Ablations of ghrelin and ghrelin receptor exhibit differential metabolic phenotypes and thermogenic capacity during aging

Authors: MA, XIAOJUN - Children'S Nutrition Research Center (CNRC); LIN, LIGEN - Children'S Nutrition Research Center (CNRC); QIN, GUIJUN - Zhengzhou University; LU, XINPING - National Institutes Of Health (NIH); FIOROTTO, MARTA - Arkansas Children'S Nutrition Research Center (ACNC); DIXIT, VISHWA - Louisiana State University; SUN, YUXIANG - Children'S Nutrition Research Center (CNRC)

Submitted to: PLOS ONE
Publication Type: Peer Reviewed Journal
Publication Acceptance Date: 12/14/2010
Publication Date: 1/26/2011
Citation: Ma, X., Lin, L., Qin, G., Lu, X., Fiorotto, M.L., Dixit, V.D., Sun, Y. 2011. Ablations of ghrelin and ghrelin receptor exhibit differential metabolic phenotypes and thermogenic capacity during aging. PLoS One. 6(1),e16391:1-10.

Interpretive Summary: Ghrelin is a hormone produced by the stomach that increases growth hormone, stimulates appetite, and causes fat deposition. In this study we compared the metabolism of normal mice to mice that either do not make or do not respond to ghrelin. We found no differences among mice when they were young adults. As they aged, however, we observed that the mice who do not respond to ghrelin did not get as fat as the other mice (i.e., the normal mice and the mice that do not make ghrelin) even though they ate the same amount of food and were all equally active. This response occurred because the ghrelin nonresponders maintained higher metabolic rates. They were able to do this because their brown fat which, unlike white fat, burns energy and generates heat had become more active. This is the first direct evidence that ghrelin can regulate energy expenditure, and provides a potential target for preventing excessive fat deposition with aging.

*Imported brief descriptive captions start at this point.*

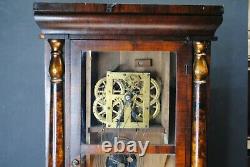 Antique Seth Thomas Weight Driven Cable Shelf / Mantel Clock Parts/repair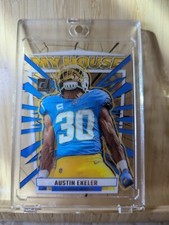 Austin Ekeler 2023 Panini Clearly Donruss Clearly My House #11 - Chargers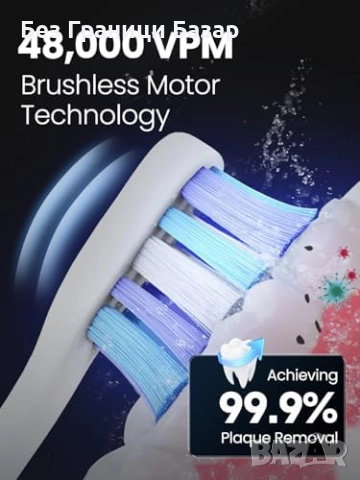 Нова Електрическа четка за зъби IPX8, 180 дни батерия, 4 глави, 5 режима, снимка 5 - Други - 52497531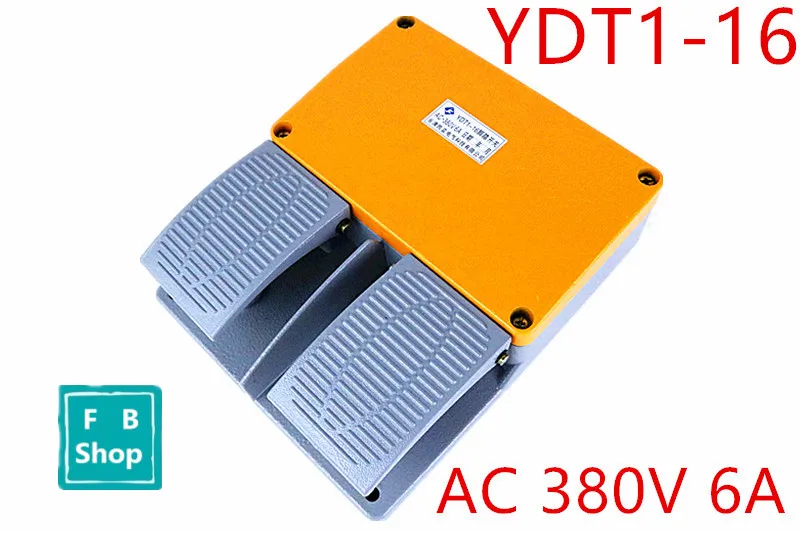 1 шт. YDT1 16 AC 380V 6A алюминиевый желтый двойной с сердечником KH9011 серебристый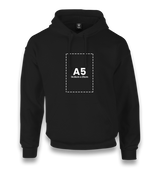 Customizable Black Unisex Hoodie - 1 Side - Premium  from W.E.N.S. WIND - Just 12490! Shop now at W.E.N.S. WIND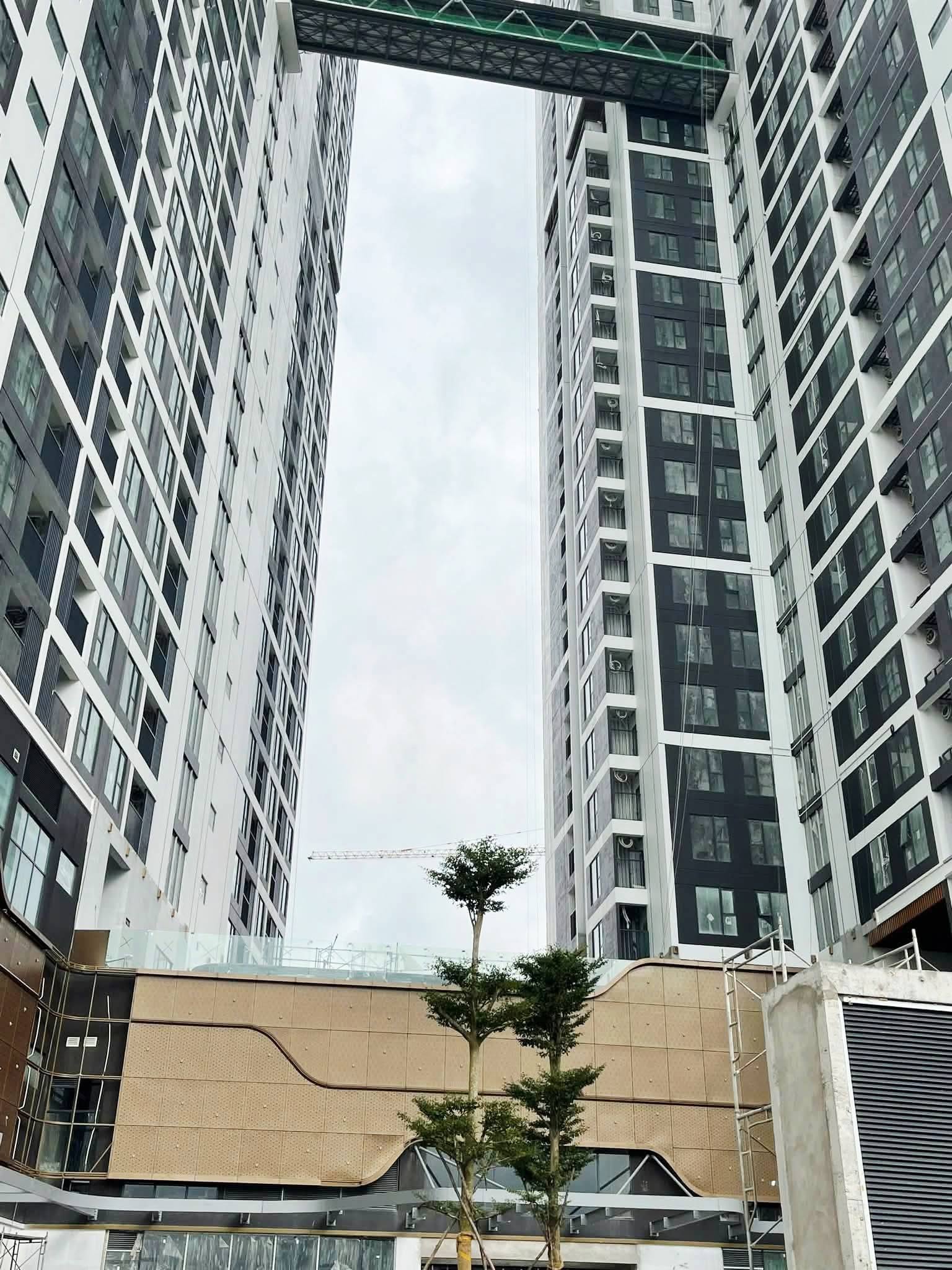 Thiết kế phòng khách căn hộ 1PN thoáng đãng đón ánh sáng tự nhiên tại The Emerald 68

Technical Abstract: Obesity is a hallmark of aging in many Western societies, and is a precursor to numerous serious age-related diseases. Ghrelin ("Ghrl"), via its receptor (growth hormone secretagogue receptor, GHS-R), is shown to stimulate GH secretion and appetite. Surprisingly, our previous studies showed that "Ghrl"(-/-) mice have impaired thermoregulatory responses to cold and fasting stresses, while "Ghsr"(-/-) mice are adaptive. To elucidate the mechanism, we analyzed the complete metabolic profiles of younger (3–4 months) and older (10–12 months) "Ghrl"(-/-) and "Ghsr"(-/-) mice. Food intake and locomotor activity were comparable for both null mice and their wild-type (WT) counterparts, regardless of age. There was also no difference in body composition between younger null mice and their WT counterparts. As the WT mice aged, as expected, the fat/lean ratio increased and energy expenditure (EE) decreased. Remarkably, however, older "Ghsr"(-/-) mice exhibited reduced fat/lean ratio and increased EE when compared to older WT mice, thus retaining a youthful lean and high EE phenotype; in comparison, there was no significant difference with EE in "Ghrl"(-/-) mice. In line with the EE data, the thermogenic regulator, uncoupling protein 1 (UCP1), was significantly up-regulated in brown adipose tissue (BAT) of "Ghsr"(-/-) mice, but not in "Ghrl"(-/-) mice. In conclusion, our data therefore suggest that GHS-R ablation activates adaptive thermogenic function(s) in BAT and increases EE, thereby enabling the retention of a lean phenotype. This is the first direct evidence that the ghrelin signaling pathway regulates fat-burning BAT to affect energy balance during aging. This regulation is likely mediated through an as yet-unidentified new ligand of GHS-R.